Deputados discutiram nas últimas horas a perspectiva de incluir na Proposta de Emenda Constitucional (PEC) da Transição um dispositivo que deixe os recursos discricionários — ou seja, que não são vinculados diretamente a determinados setores de deliberação por parte do Congresso. Essa ideia ainda não está fechada, mas os parlamentares já foram todos convocados para sessão presencial para hoje e amanhã, de forma a debater uma saída para manter sob deliberação do Congresso os recursos das emendas de relator derrubadas pelo Supremo Tribunal Federal (STF).
Até aqui, diante da decisão do ministro Gilmar Mendes, de tirar o Bolsa Família do teto de gastos, uma parcela dos deputados perdeu a pressa em votar a PEC da Transição. A avaliação geral é a de que a tensão dos últimos anos entre os poderes Judiciário e Executivo se desloca, nesta reta final de ano, para um embate entre Legislativo e Judiciário.
À flor da pele
Os deputados diziam ontem, em conversas reservadas, que é chegada a hora de saber se os congressistas querem ser um poder independente ou deixar que o STF decida sobre tudo. Eles querem poder. Mas devem deixar a briga maior para 2023.

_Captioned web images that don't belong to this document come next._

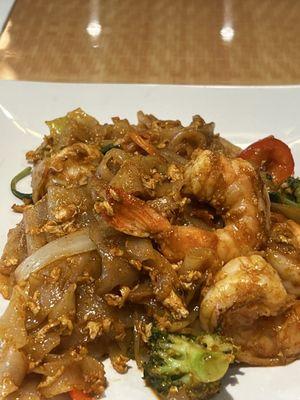 Drunken Noodle with Shrimp!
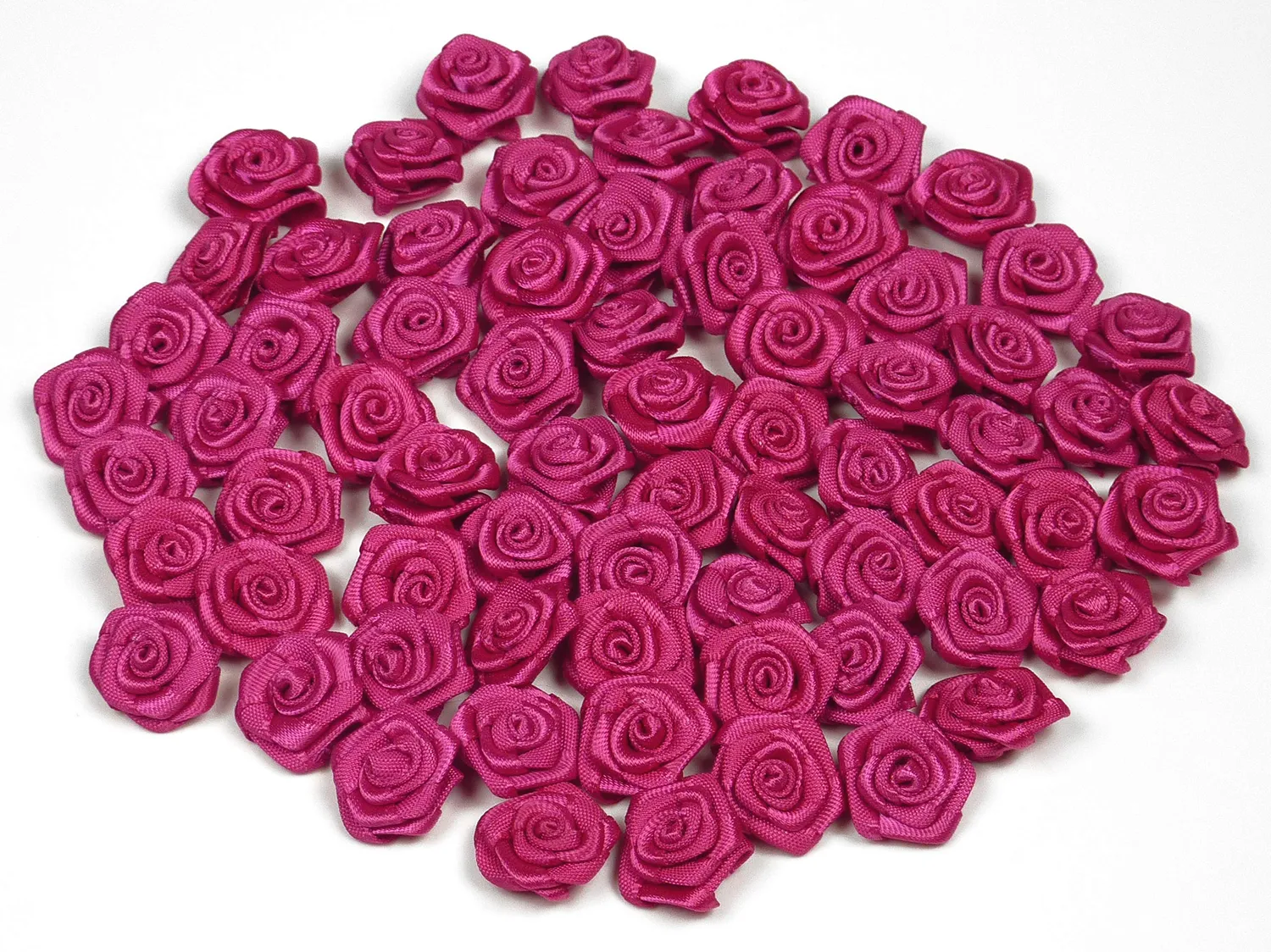 Creativery Satinrosen Stoffrosen farbecht waschbar
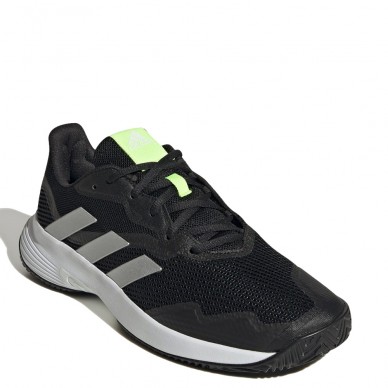 Chaussures Adidas Courtjam Control M core noir argent blanc 2022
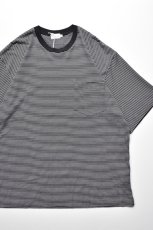 画像1: handvaerk (ハンドバーク) 60/2 S/S BIG T-SHIRT [BLACK/WHITE] (1)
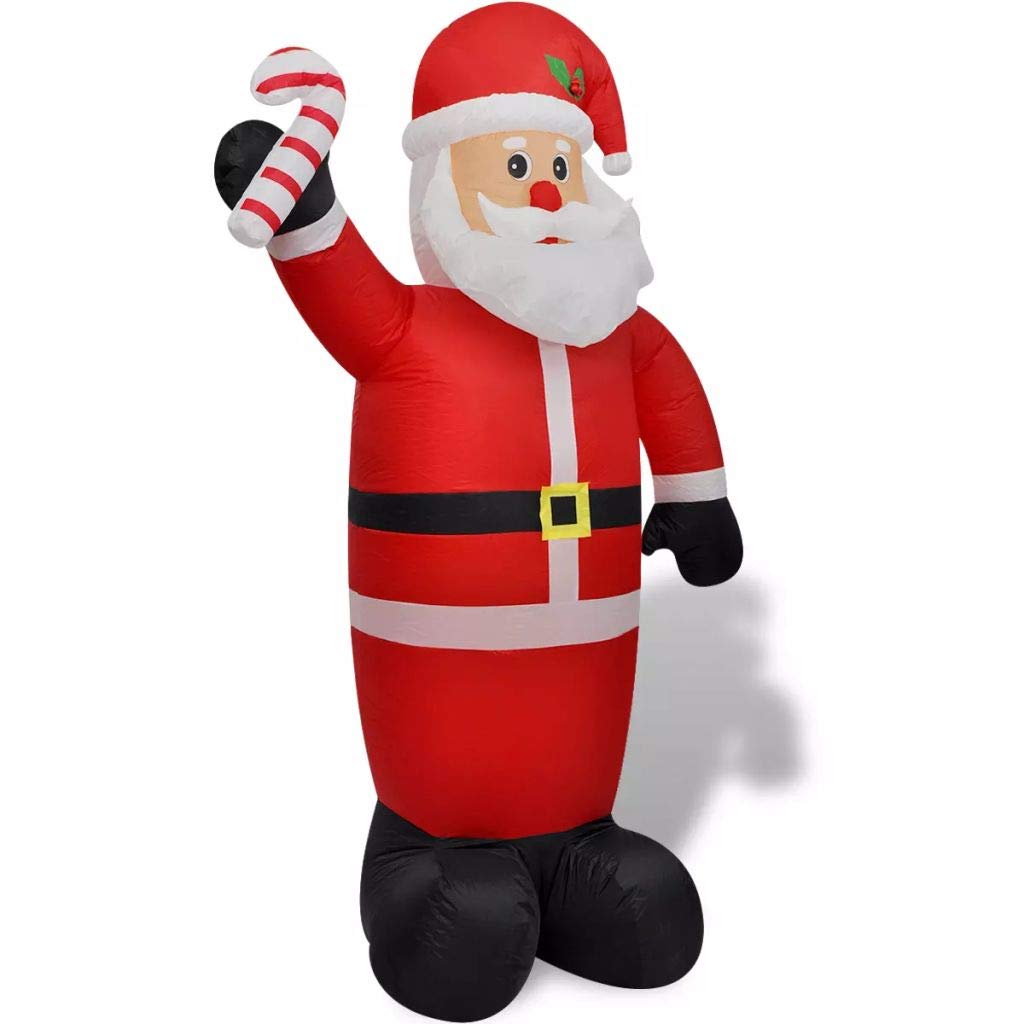 vidaXL Heim & Garten Weihnachtsmann Aufblasbar 240 cm mit LED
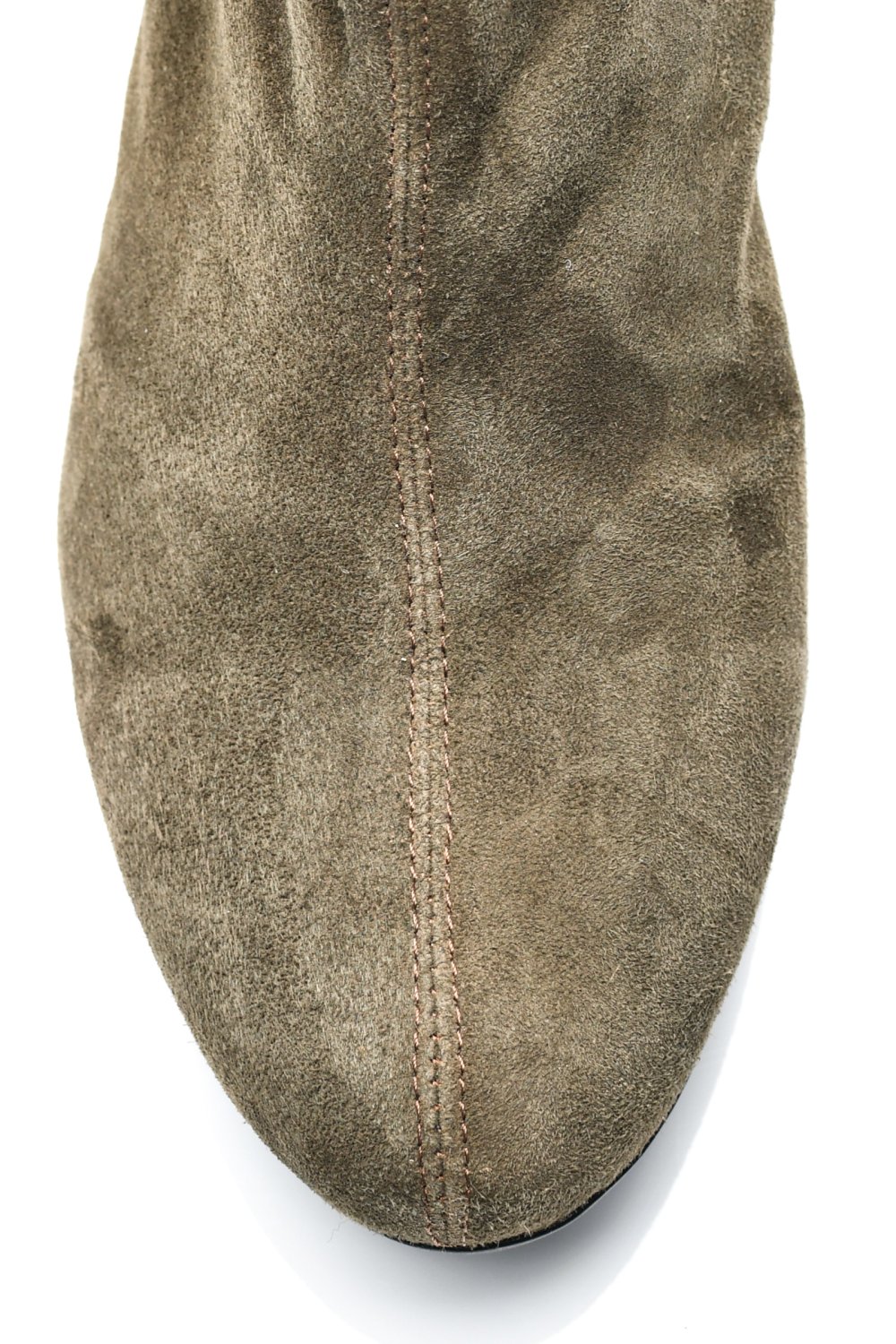 BOTINE DAMA PIELE NATURALA INTOARSA KHAKI 7S7722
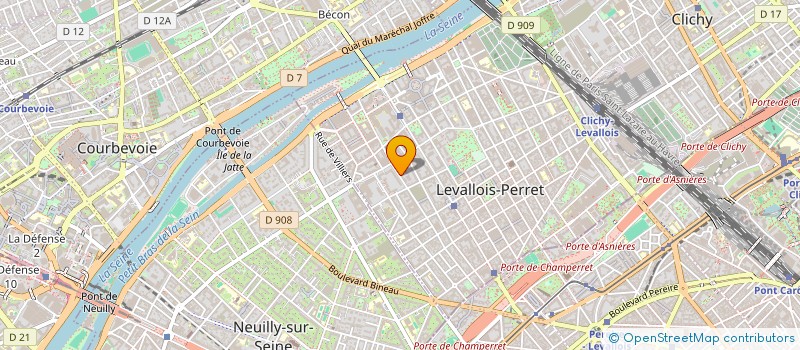 localisation de l'entreprise MADAME ELISABETH FRESARD à LEVALLOIS PERRET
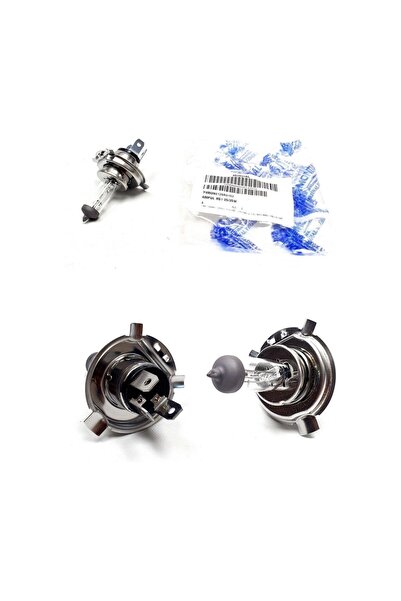 monero Motosiklet Ön Far Ampülü H4 - 3 Fişli 12V 35/35W Sarı Işık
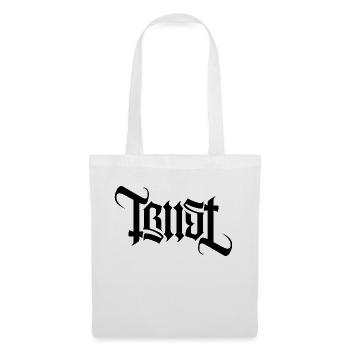 TRUST AMBIGRAM gothic - Stoffbeutel - Weiß - Vorne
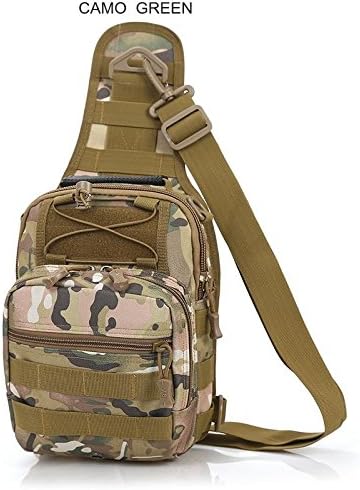 Marvel O Bug Outdoor Tactical Molle Shoulder Backpack, Military &amp; Sports Little Jungle Camouflage Daypack Day Bag Pack for Camping, Hiking, Trekking, Rover Sling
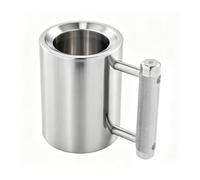 18lb Weighted Stainless Steel Cup, Heavy Duty Fitness Drinkware with Handle | Heavy Stainless Steel Training Cup for Hydration and Everyday Grip Practice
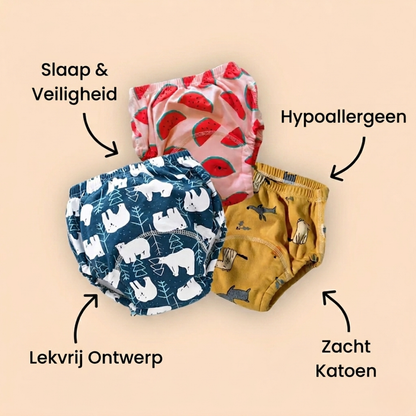 Absorberende Potjestraining Broekjes - Wasbaar & Herbruikbaar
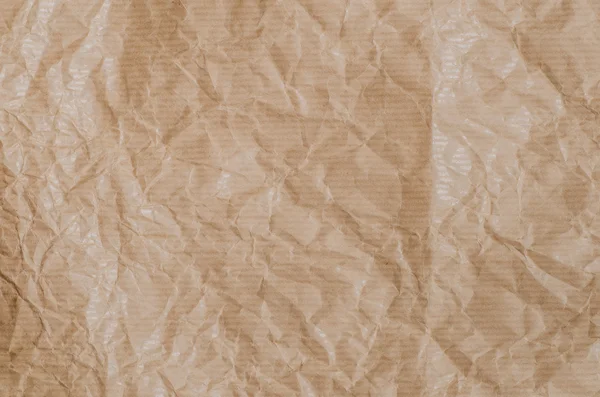 Papier brun plissé texture fond — Photo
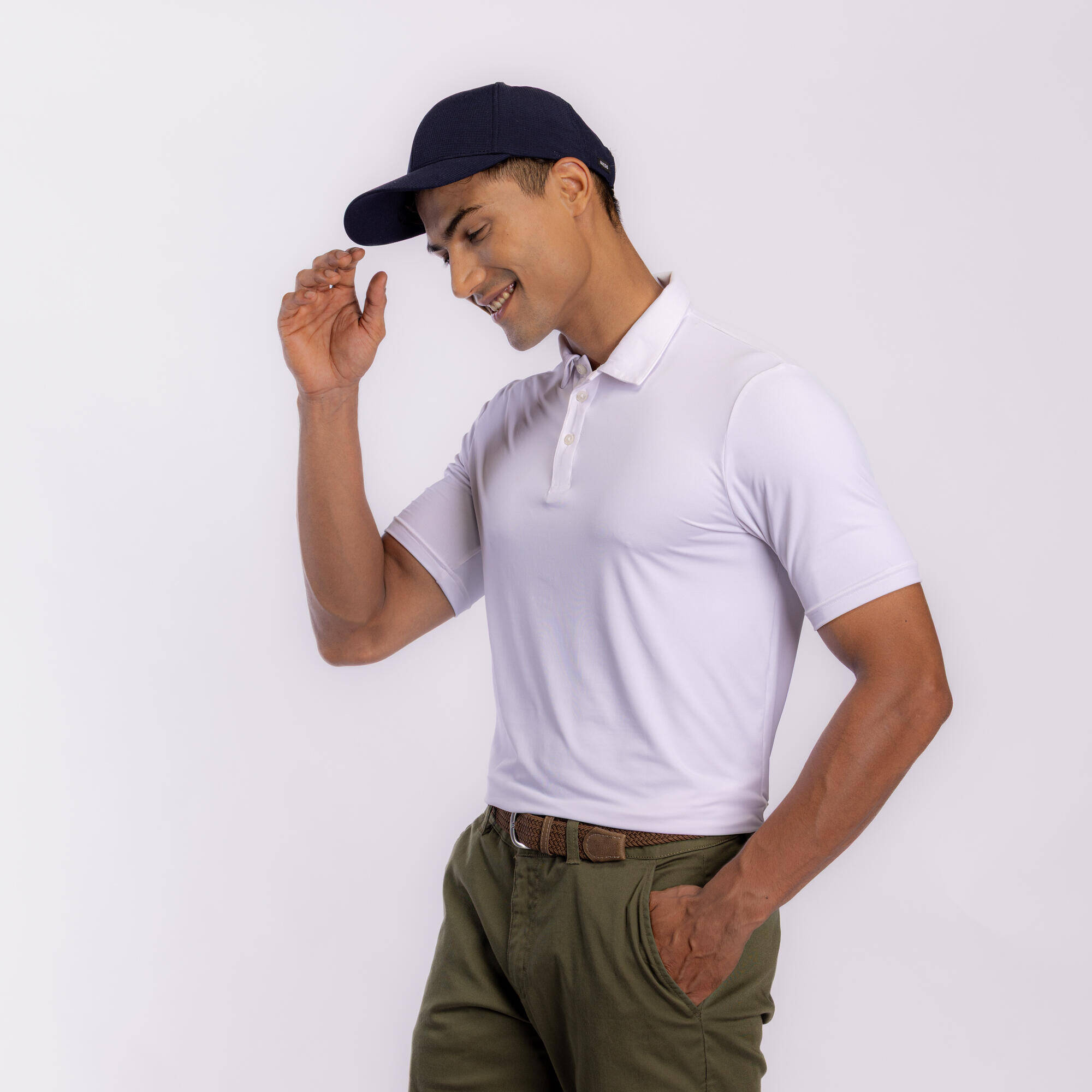 Men Golf Polo T-Shirt 500 White -  5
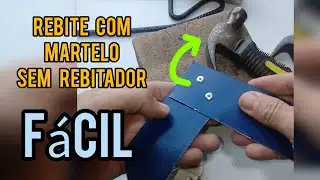 Aplicar Rebite sem Rebitadeira facil e r&aacute;pido fa&ccedil;a  em casa #aplicarrebite #rebitadeira  #rebite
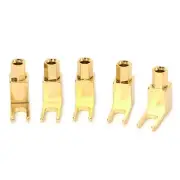5pcs Banana to Adapter Plugs Y Type Speaker Cable Connector Banana Socket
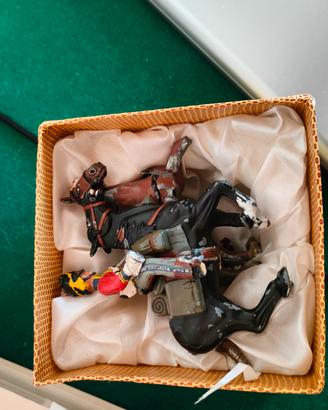 soldatino da collezione a cavallo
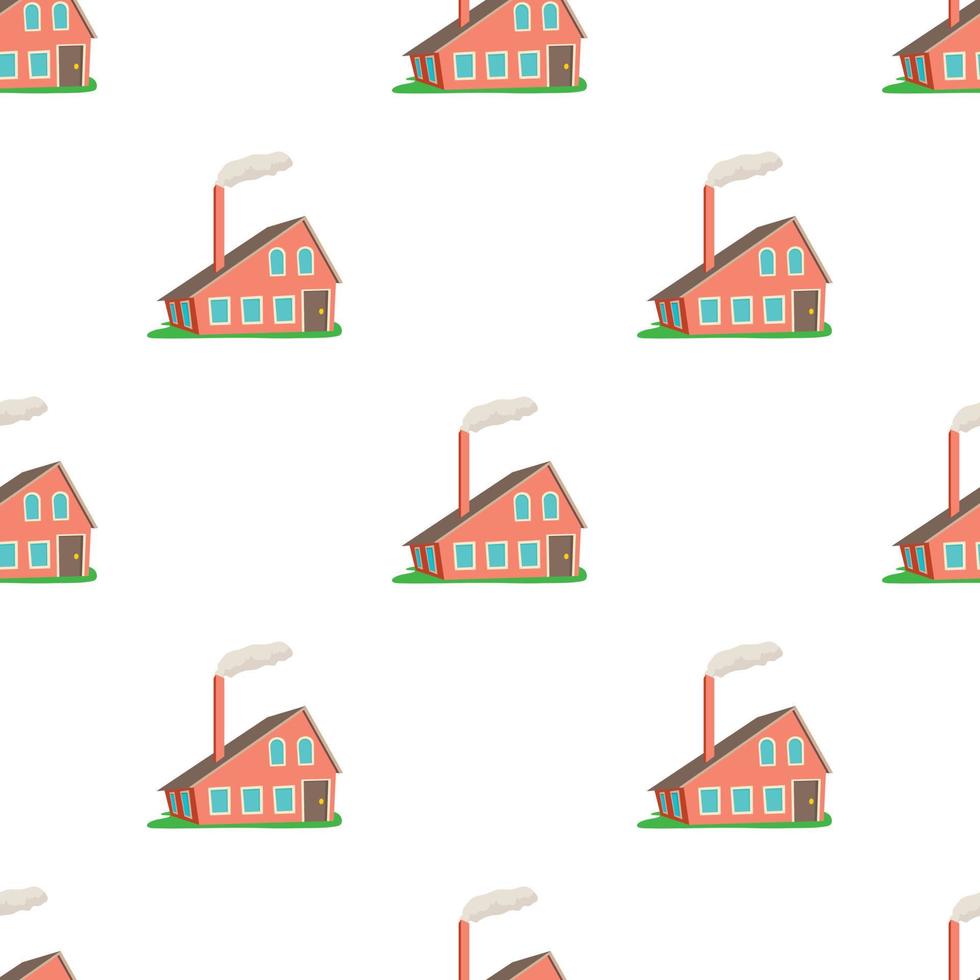 House with chimney pattern seamless vector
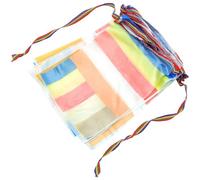Drapeaux de Prière Bouddhistes à Cinq Couleurs 1 Chaîne en Soie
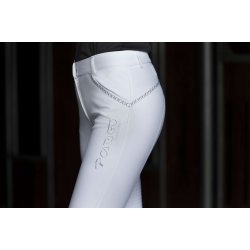 Catago MS Emily Fuldgrip Ridebukser Hvid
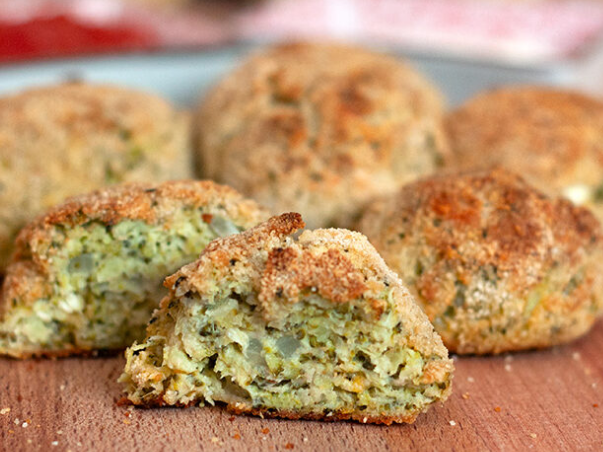 Albóndigas de brócoli y queso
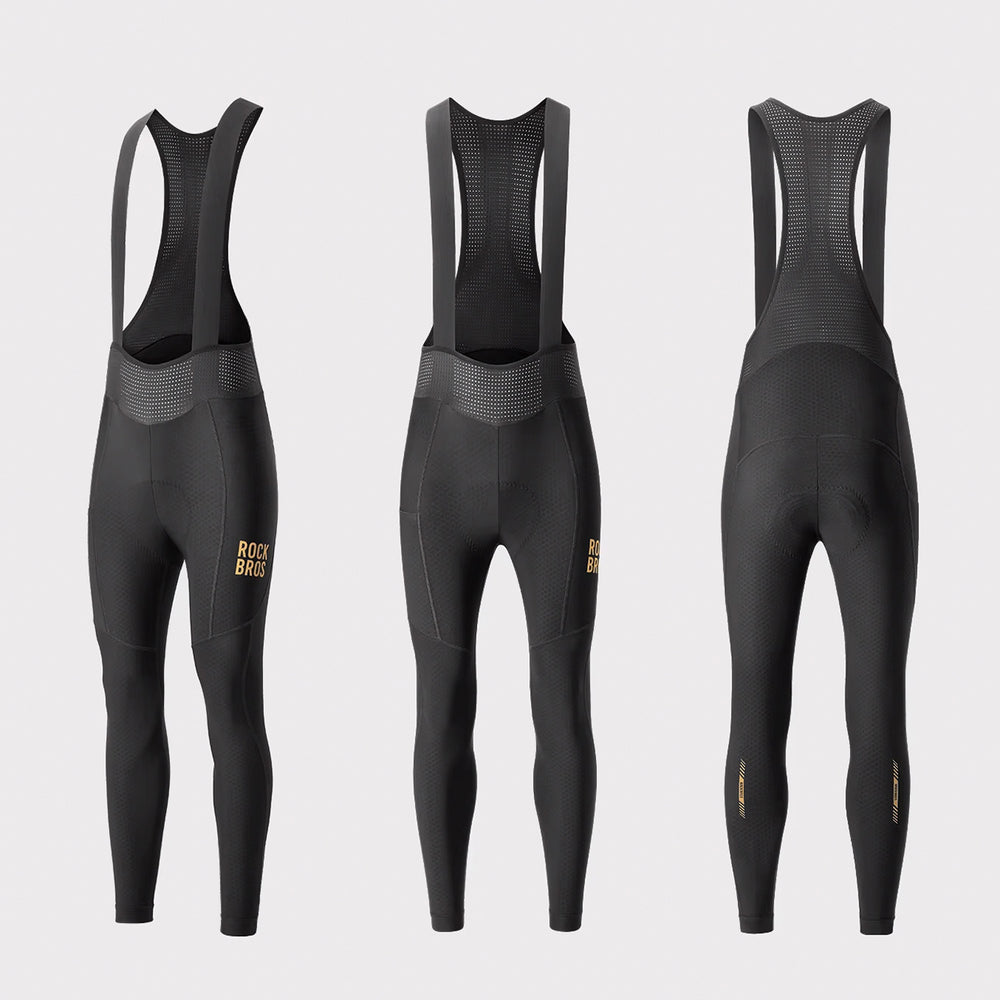 Rockbros YDCK012-1 Lang Fleece Bib Tights med Pad størrelse XL - sort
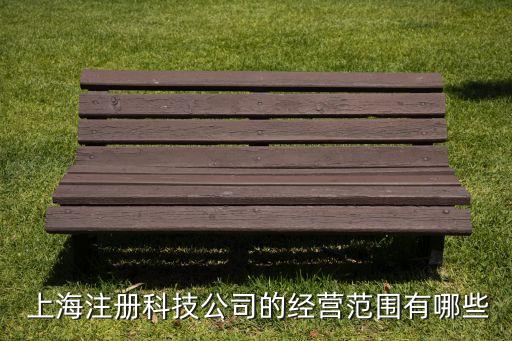  上海注冊科技公司的經(jīng)營范圍有哪些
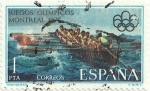 Stamps Spain -  XXI JUEGOS OLÍMPICOS EN MONTREAL. TRAINERAS. EDIFIL 2340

O “pretinho básico” está salvo
Parlamentares comparam a decisão de Gilmar Mendes sobre a retirada de recursos do Bolsa Família da PEC a um vestido preto simples a ser usado numa grande festa. O vestido está resolvido, mas é preciso mais. Falta cabelo, maquiagem e tudo mais. A joia da coroa, por exemplo, está na possibilidade de usar recursos do excesso de arrecadação em infraestrutura e contrair empréstimos de organismos internacionais.
Onde mora o perigo
O risco, alertam alguns aliados do presidente da Câmara, Arthur Lira (PP-AL), é cristalizar a ideia de que o presidente eleito Luiz Inácio Lula da Silva joga para tirar poder do deputado alagoano. Se isso ficar mais evidente ao longo dos próximos dias, ou nos primeiros acordes do futuro governo, vai dar problema.
Médio prazo incerto
Muitos dizem que Lula pode até resolver agora, no curto prazo, o seu problema para pagar o novo Bolsa Família. Mas vai criar uma briga com Lira de difícil solução na largada do futuro governo.
Veja bem
A turma de Lira diz que Lula parece esquecer que a eleição foi apertada, que o país está dividido e as ruas não são mais território petista. Quem acompanha atentamente os movimentos, e não é do PT e nem do PL do presidente Jair Bolsonaro, avisa que o futuro governo não terá refresco nem lua de mel. Logo, não dá para criar tensão junto ao Congresso.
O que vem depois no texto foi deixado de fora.